The setting of Forefather’s Eve in The Witcher is also worth a closer look – it doesn’t take place in a church or even a chapel but in a stone circle next to a burial site. If this place has any resemblance to a location in contemporary or historic Poland, it seems to be most similar to the gothic cemeteries in Pomerania. Although perhaps there is no point in looking for real life equivalents. ‘New visions stand before you: there is a green grassy hill, on it stand twelve druid rocks, and the thirteenth – a throne made of mossy granite’ – this is how Juliusz Słowacki described the area around Gopło lake in a letter to Zygmunt Krasińki in the introduction to Lilla Weneda.
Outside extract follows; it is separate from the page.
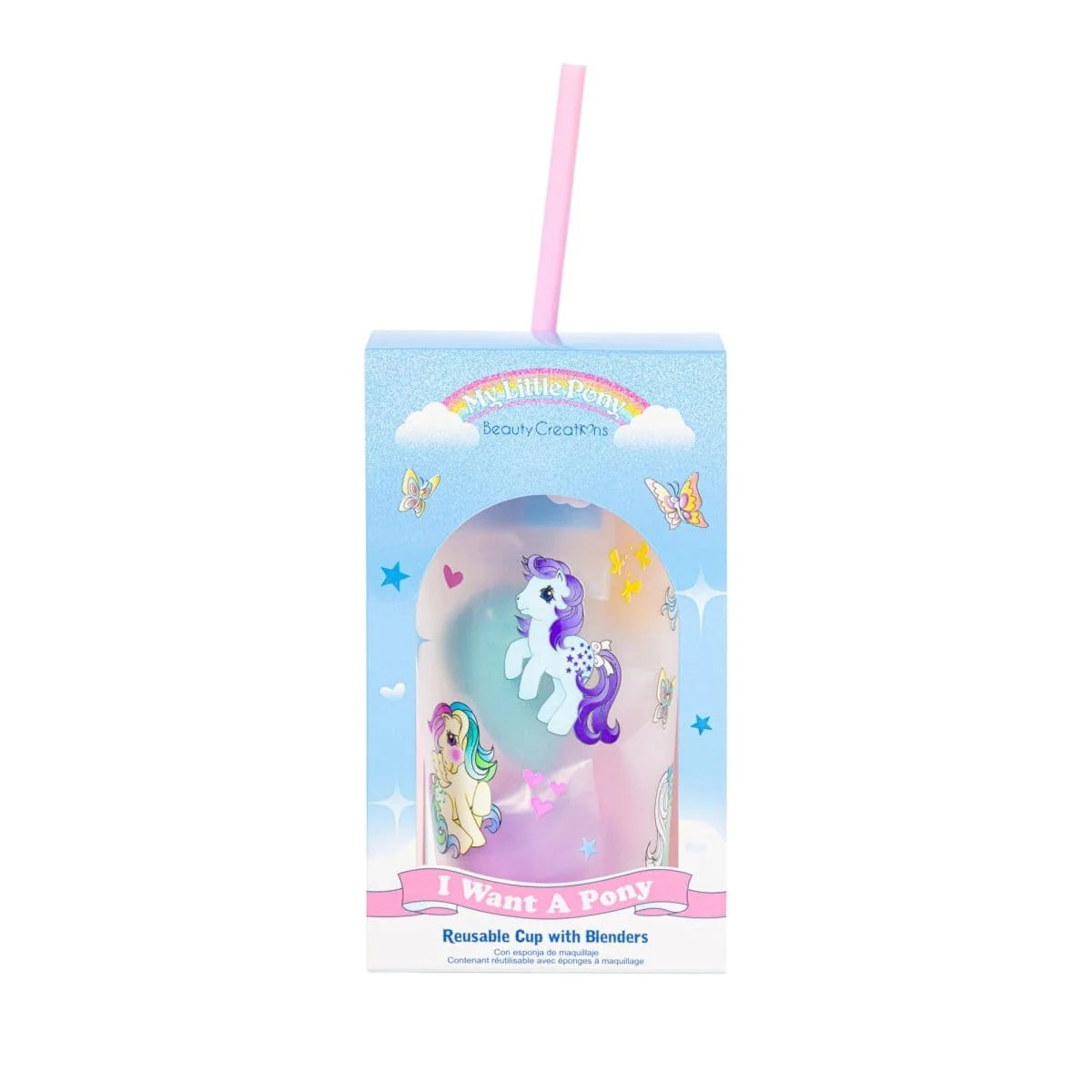 "I Want a Pony" Vaso reusable con esponjas - My Little Pony x Beauty Creations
This is obviously not the real Gopło, but the lake according to The Poems of Ossian, which were very popular at the time. It is basically a proto-Slavic and Celtic fairy tale hybrid based on the pseudoscientific treatise Pierwotne Dzieje Polski (The Ancient History of Poland) by Henryk Lewestam, adapted to fit Europe’s main concerns at the time. In it, the original inhabitants of Poland are Celts, while their leader, Dervid is a ‘copy’ of the Shakespearean Lear. Such was also the case with Balladyna – the plot setting in it is local, but everything else is compiled out of themes found all over European culture.
The world of the third Witcher does not overwhelm with its Slavonic references but skillfully weaves them in among various themes relating to different aspects of European and American culture. In the major localised versions of the game, it is clear how much effort the translators put into making the names sound naturally in all of the target languages. The local elements are so integral to the whole that a foreign user won’t even notice them. However, as a consequence of this strategy, a foreign player does not see the Forefather’s Eve ceremony by the lake that could be Gopło (but isn’t) as a strange and exotic ritual, but as a familiar and comprehensible one. Perhaps the best way to present one’s own culture is through making others see their own cultures reflected in it?